Some that I know are praying hard for family and friends who a struggling health wise. Strangers in groups I belong to on Facebook facing challenges In their lives. I’ve lost count how many times I’ve typed the words “prayers” and sent a prayer on high.
I’m thinking of my friends who have lost loved ones, or are fearing the possible loss. One commented tonight, “I don’t know how you’ve done it all these years.”
It’s not easy. I won’t lie. I wish I could just give everyone a big hug, share a few tears. But since I can’t I’ll pray that they feel the prayers and hugs from afar.
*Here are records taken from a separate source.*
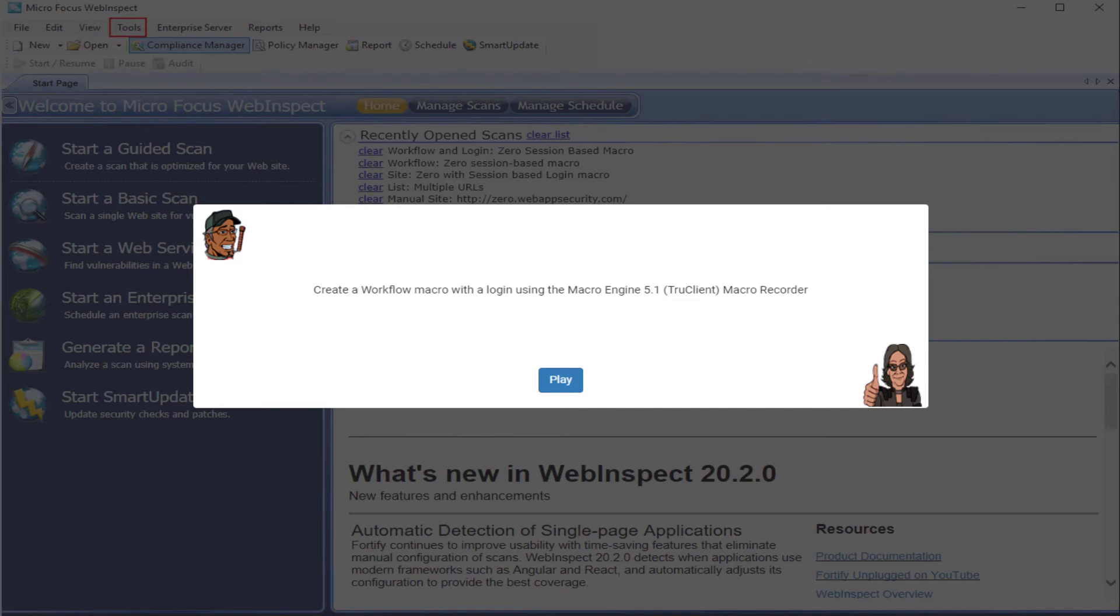Hey everyone, and welcome to creating a workflow macro with a login using the MacroEngine 5.1 TrueClient Macro Recorder.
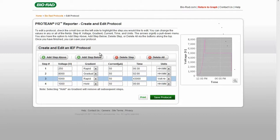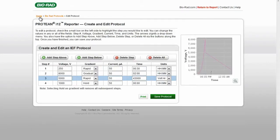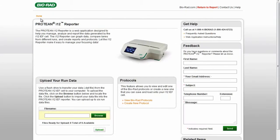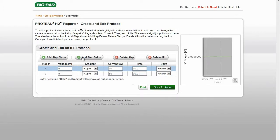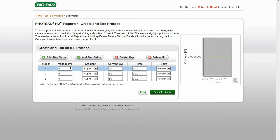If you would like to create a new protocol, return to the Home screen. New values can be added for Voltage, Gradient, Current, and Time. Steps can be added above or below, or deleted.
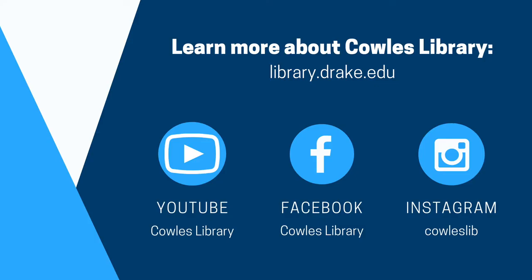If you have any questions or need further assistance, please reach out to Cowles Library through the library's website at library.drake.edu. There, you can find our contact information and a chat option.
Even when the memories can make you sad, Christmas is still worth celebrating. There is still the wonder of life. Watching a baby’s eyes as she sees the tree light up for the first time. Hearing the girls sing Christmas carols. The tears will come, and that’s okay. Sometimes you have to feel the tears to see the wonder of the stars.
A picture of the Christmas tree this year. Complete with Miss Angela’s ornaments. Tweety Angel, her first ornament, and some of the memory tree angels that were given in honor of her years after she went flying on high.